Das Verwaltungsgericht Düsseldorf sieht eine Klagewelle auf sich zuschwappen. Die Klagen von Mülheimern richten sich gegen Anliegerbeiträge. Die Stadt bittet für den Ausbau zur Kasse, der Jahrzehnte zurückliegt.
Die Verwaltung gerät dabei zunehmend in Erklärungsnot. Die Politik macht Druck. Das Verwaltungsgericht bestätigte auf WAZ-Anfrage, dass bei ihm 17 Klagen gegen Beitragsbescheide für den Straßenausbau und neun gegen Bescheide für die erstmalige Erschließung aufgelaufen sind.

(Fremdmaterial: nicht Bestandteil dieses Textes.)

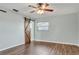 Spacious bedroom with wood-look floors, a ceiling fan, a window, and a sliding barn door to the ensuite bathroom at 2705 20Th Avenue W Dr, Bradenton, FL 34205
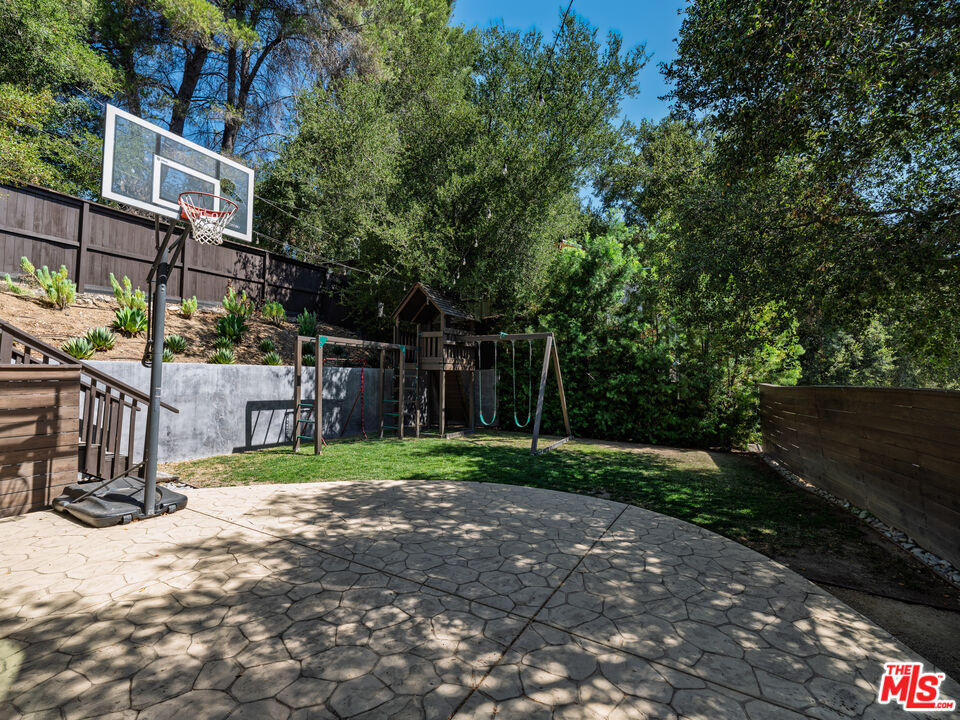 20922 Keller Road Topanga, CA 90290 - Photo 8 of 49 a view of a park that has large trees and a wooden fence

Zudem sei am 31. Dezember ein Eilverfahren beantragt worden.
Bürger laufen Sturm
Bürger, die kurz vor Ende der Verjährungsfrist am 31. Dezember zur Kasse gebeten worden sind, laufen Sturm gegen die Abrechnungspraxis der Stadt. Die hatte sich erst zum 1. Januar 2006 vom Rat eine Satzung abnicken lassen, die eine Abrechnung von Straßen ermöglicht, die nicht über zwei befestigte Bürgersteige verfügen. Jetzt hat sie kurz vor Fristablauf noch Bescheide für Straßen verschickt, die bereits vor Jahrzehnten fertiggestellt wurden (wir berichteten).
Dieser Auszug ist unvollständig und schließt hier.